Helping the Poor Through Free Markets | Eastern North Carolina Now

Publisher's Note: This post appears here courtesy of the John Locke Foundation. The author of this post is Mitch Kokai.

    Edward Lazear explains at National Review Online that Democratic presidential candidate Joe Biden offers the wrong prescription for helping America's poor.

  • President Trump and former vice president Biden have different visions of the country's future. President Trump, during a recent event in Wisconsin, charged, "Joe Biden is just a Trojan horse for socialism." Although it is unlikely that a President Biden would turn the U.S. into a socialist state, Mr. Biden has made it all too credible that he will move the country leftward if elected president. He stated in early July, "It's way past time to put an end to the era of shareholder capitalism." He chose as his running mate Kamala Harris, who has the most liberal voting record in the Senate. He joined with self-declared socialist Bernie Sanders to issue "Unity Task Force Recommendations," which Mr. Sanders describes by saying, "If those task force proposals are implemented, you know what, Joe Biden will become the most progressive president since Franklin Delano Roosevelt." Who would benefit from the more progressive agenda that is suggested by Mr. Biden's actions and words?
  • Advocates of free-market capitalism extol the growth that the system produces and its freedom of choice over work and consumption.
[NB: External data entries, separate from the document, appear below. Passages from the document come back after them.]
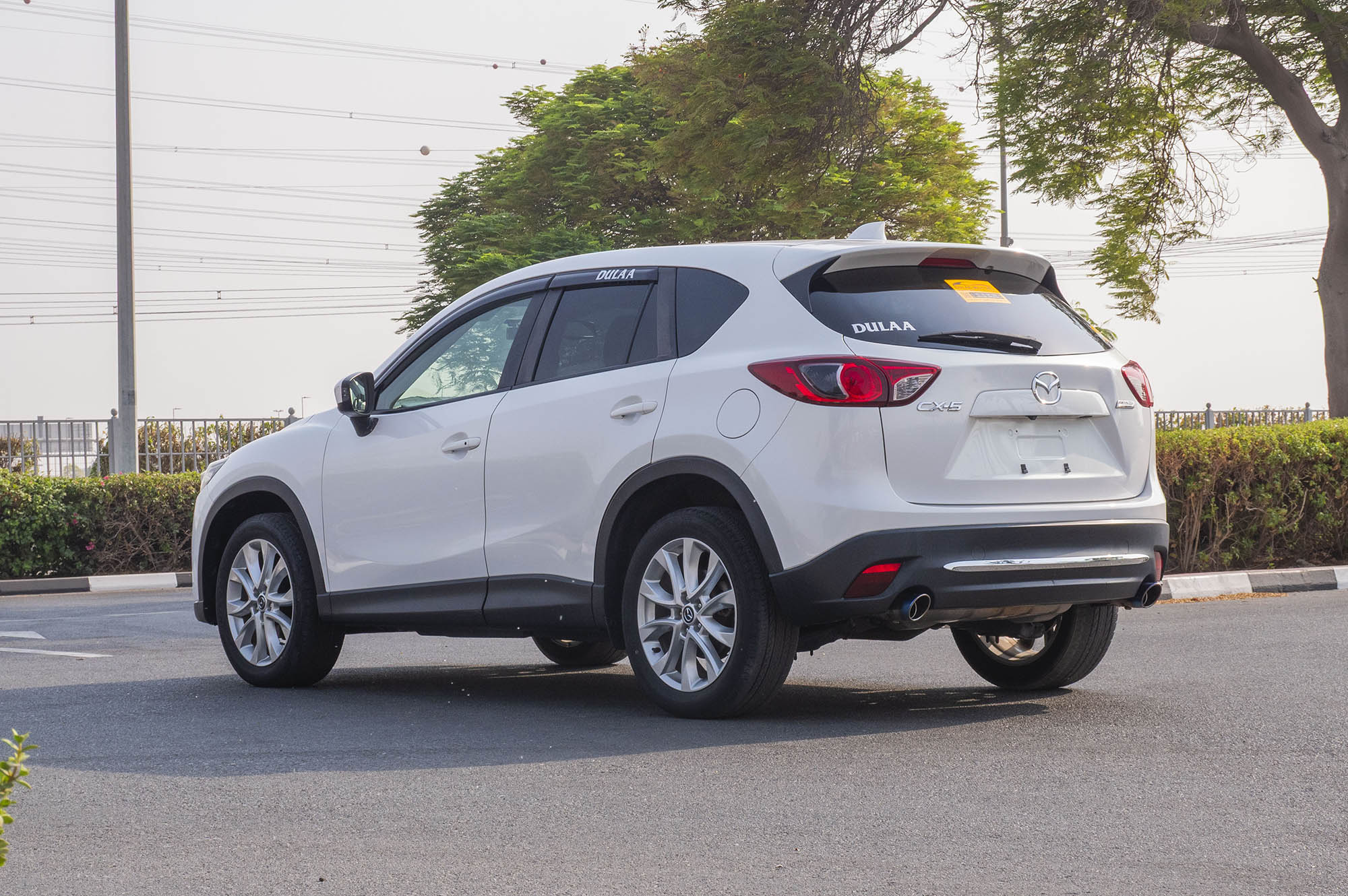 
								Mazda CX-5 Diesel Model 2014 full									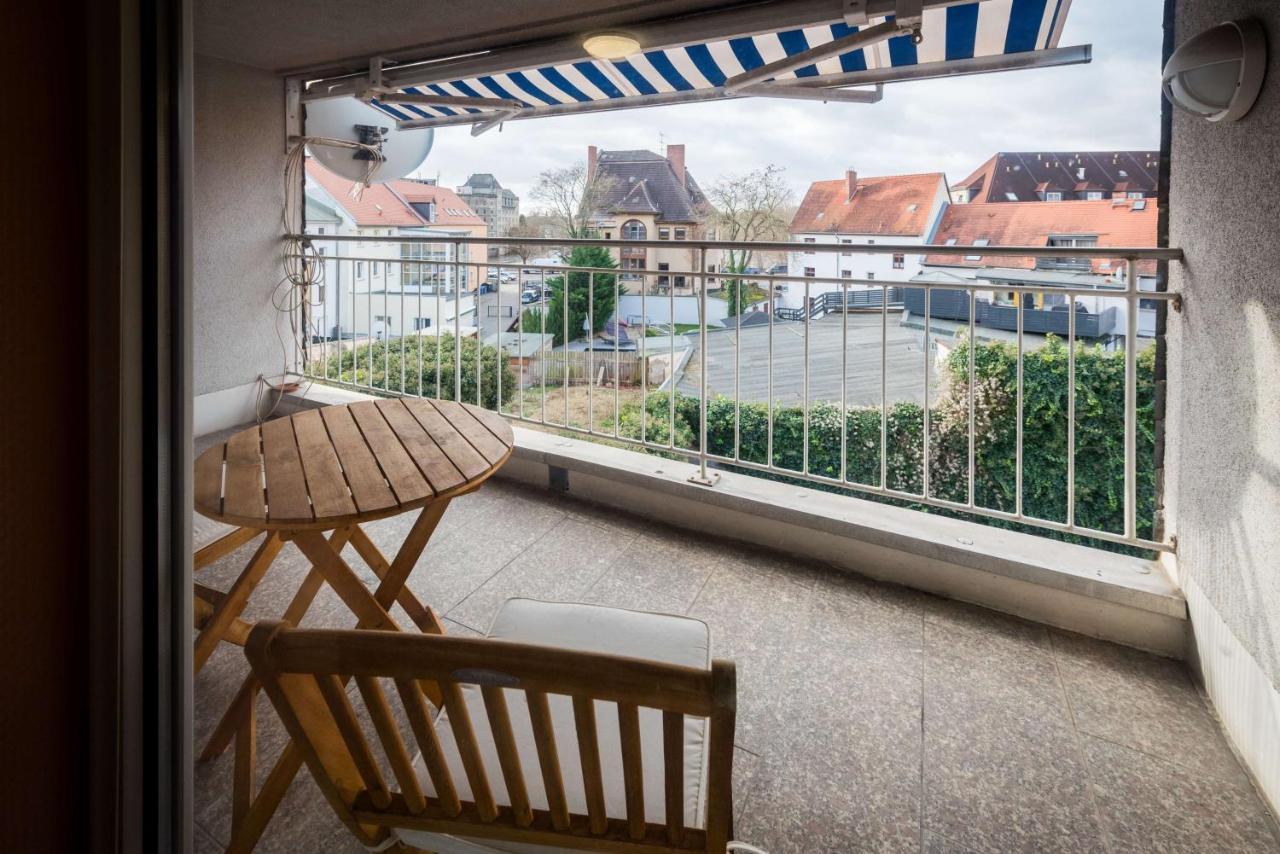 Askania Hotel & Brauhaus Bernburg Esterno foto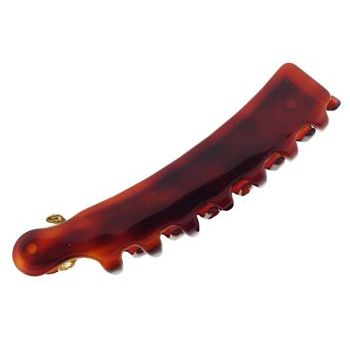 France Luxe - Cascade Large Tooth - Tort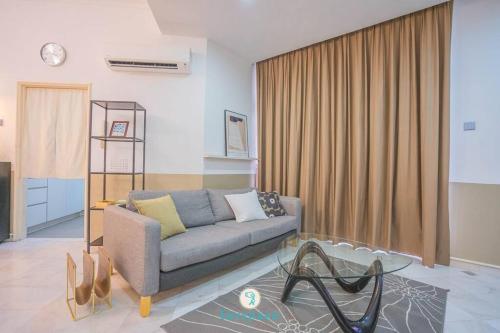 Doorstep - Sunway Putra Mall - Close to PWTC for 4, Kuala Lumpur (fotografie 6)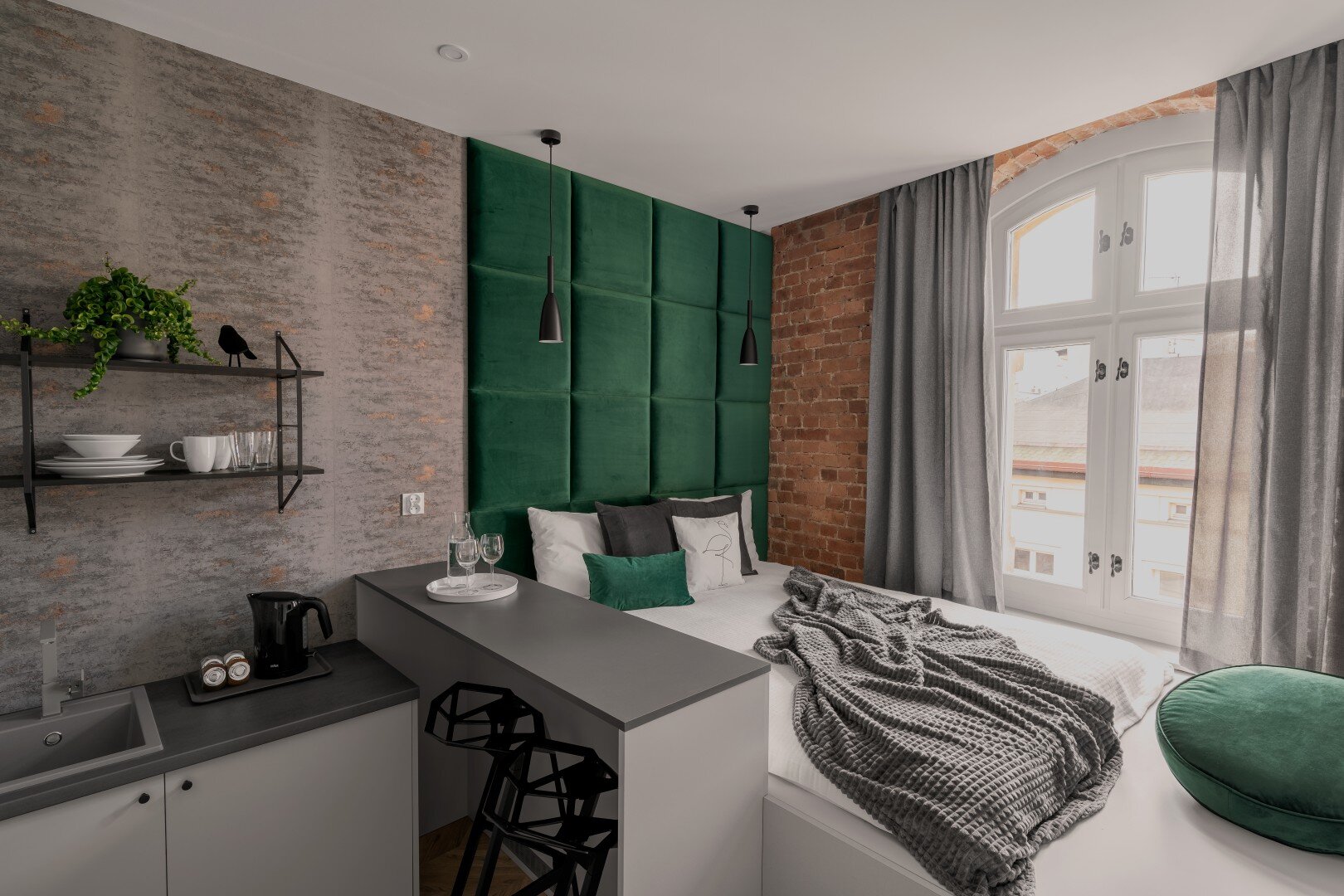 Pokój Mariacka 26/10F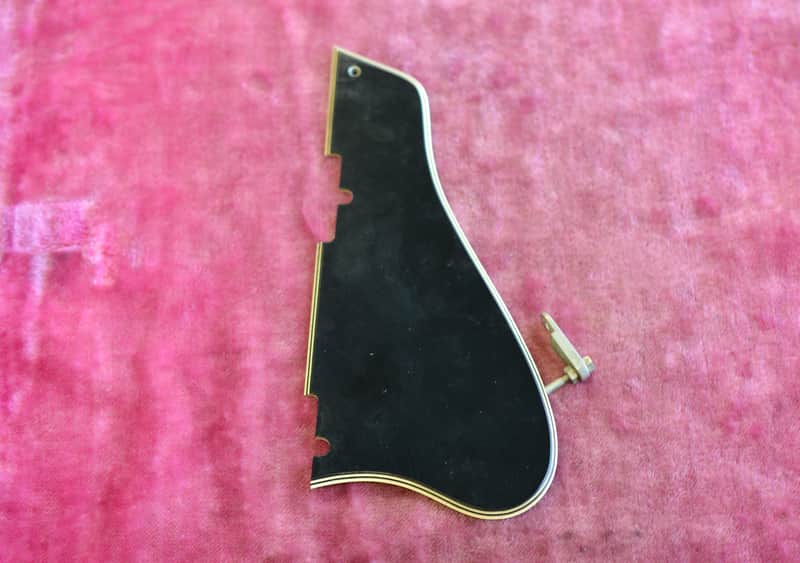 Vintage 1960's Gibson ES-175D "narrow bevel" Pickguard Guard ES-175 1966 1967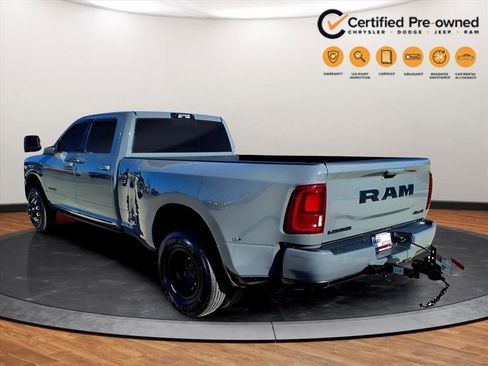 Used 2026 RAM 3500 Laramie image 18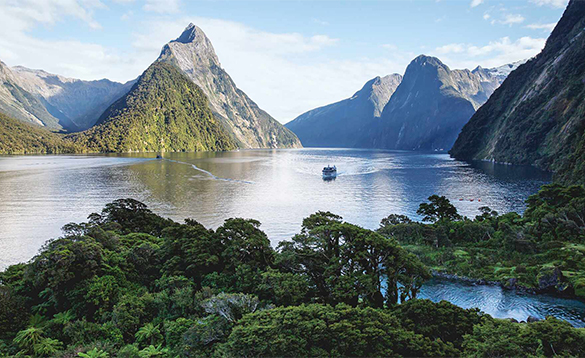 Milford Sound/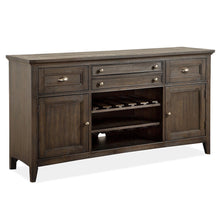 Westley Falls Graphite Buffet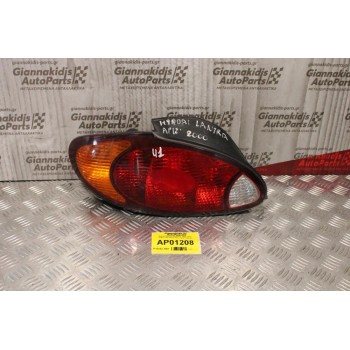 Φανάρι Hyundai Elantra 2000-2004 92401-295 (Πίσω Αριστερό Γνήσιο)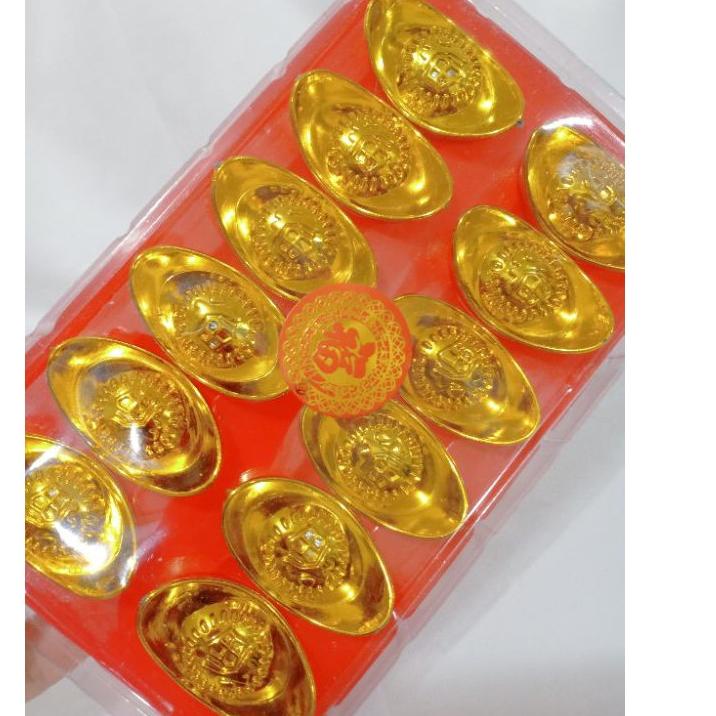 

Bestseller--Yenpao imlek / imlek hiasan/ hiasan imlek / pajangan parcel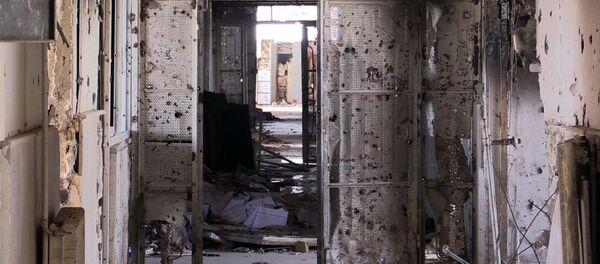 Situación en Siria (archivo) - Sputnik Mundo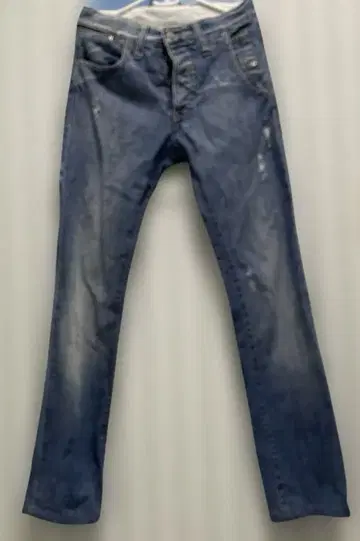 닐 바렛 데님 남성용 새상품급 30인치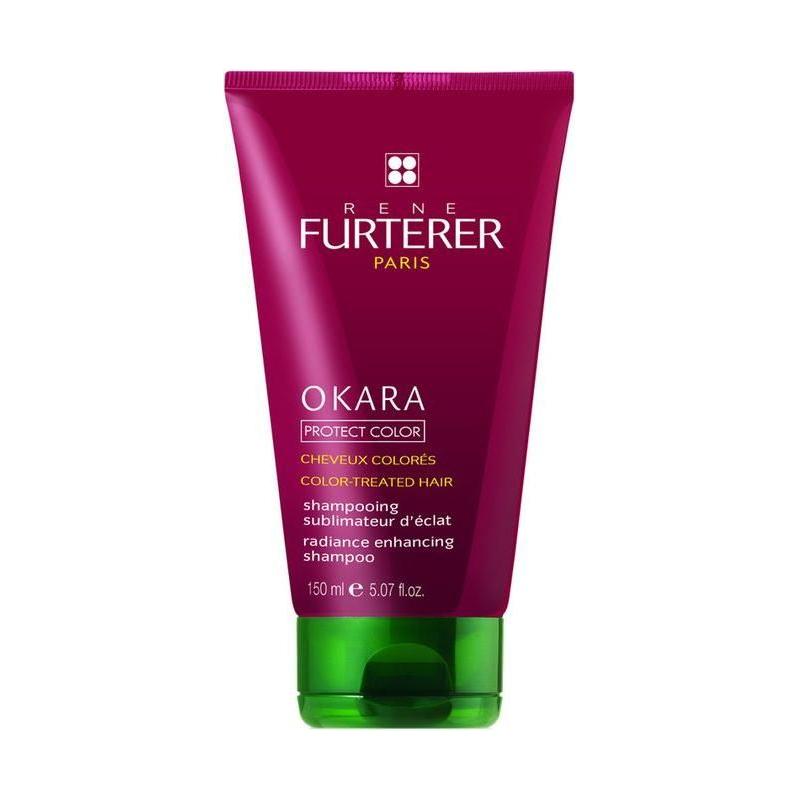 Rene Furterer Okara Protect Color Radiance Enhancing Shampoo 150ml Shampoo Pasteur Pharmacy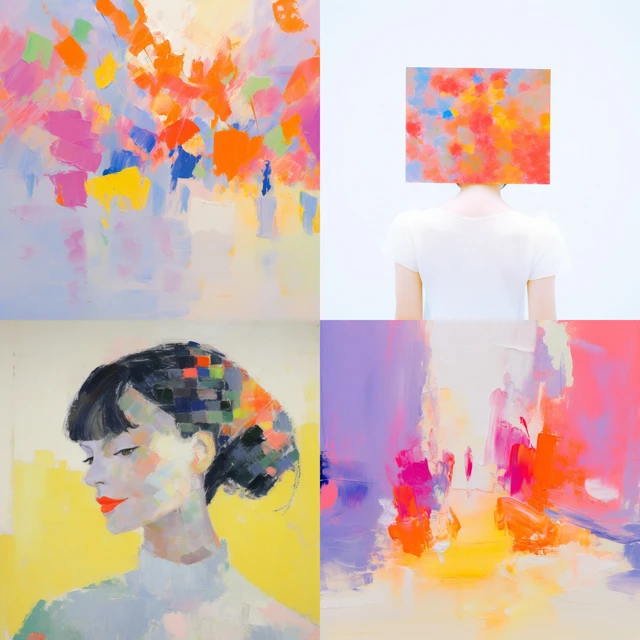 image of a specific style
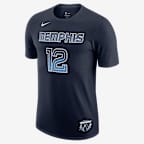 Ja Morant Memphis Grizzlies Select Series Men's Nike NBA T-Shirt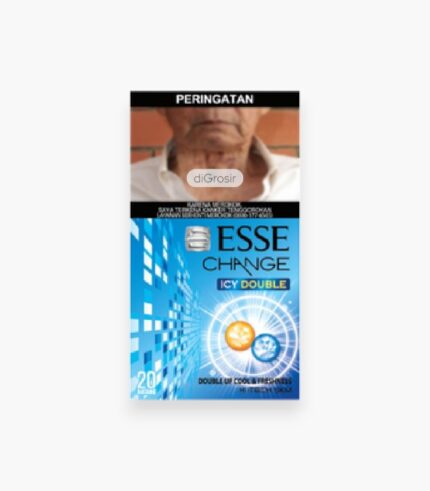 Esse Change Icy Duble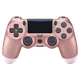 Беспроводной геймпад для Sony PlayStation/PC DualShock 4 V2 Rose Gold - изображение 1
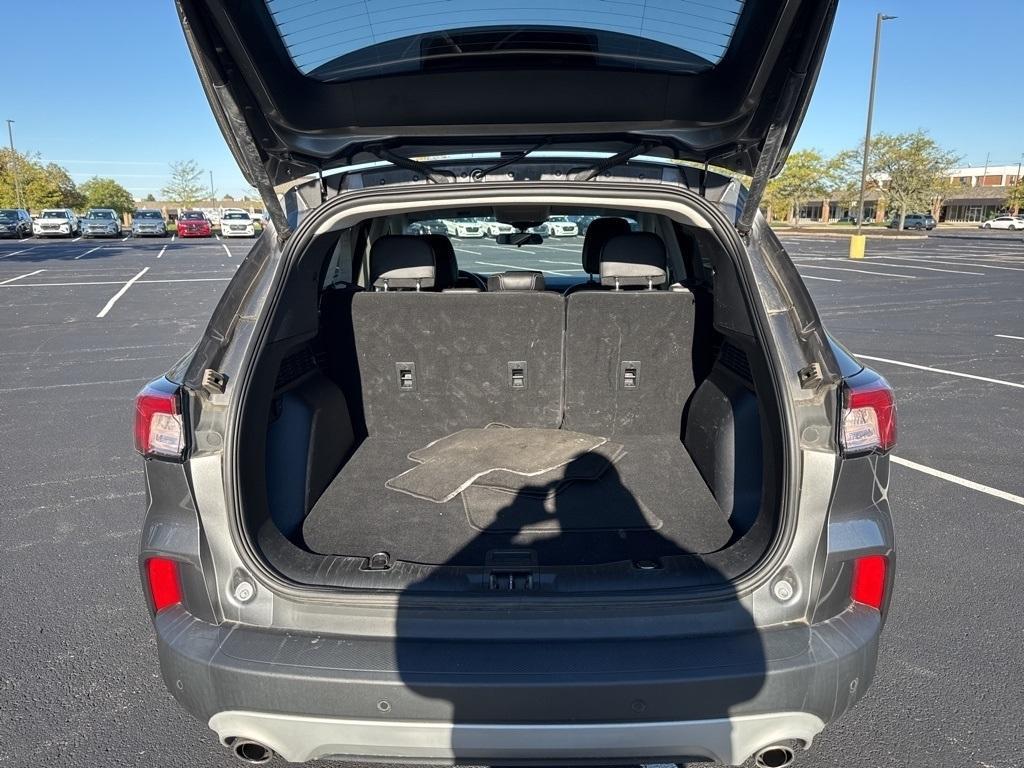 used 2022 Ford Escape car, priced at $18,997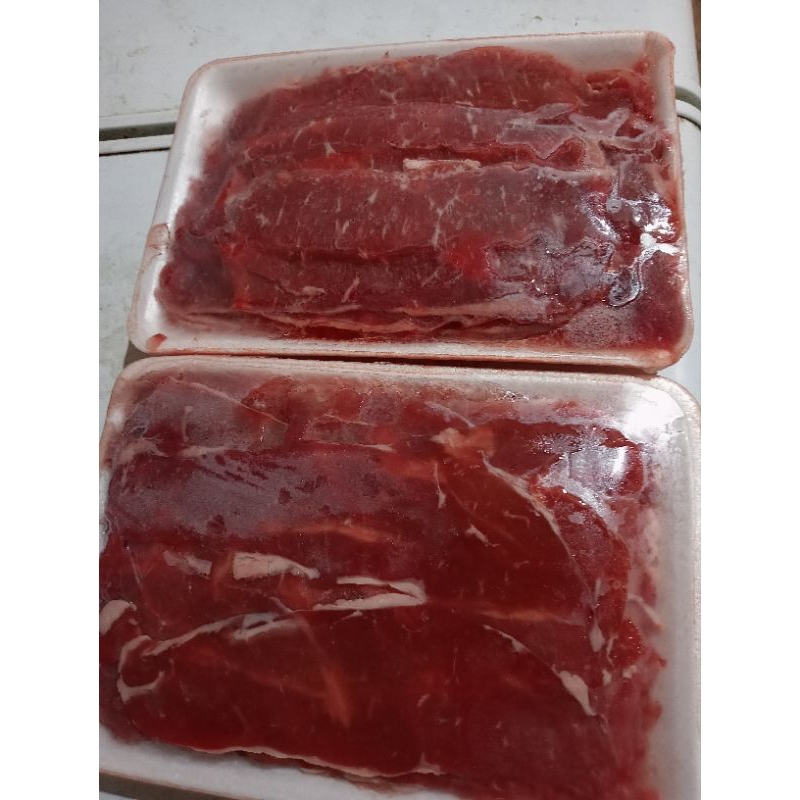 

daging slice 500gr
Detractors protest that capitalism is harsh and leaves too many behind. The market ignores hardships that afflict normal people through no fault of their own.
  • The issue is primarily an empirical one. Do market economies grow faster than those with a heavier governmental footprint, and if so, do the poor benefit sufficiently as those economies grow? My recent research suggests that market economies generate substantially higher living standards for the poor than do government-dominated systems A country's lowest earners fare best when markets are allowed to work, when the means of production are privately owned, and when government's role in economic activity is limited.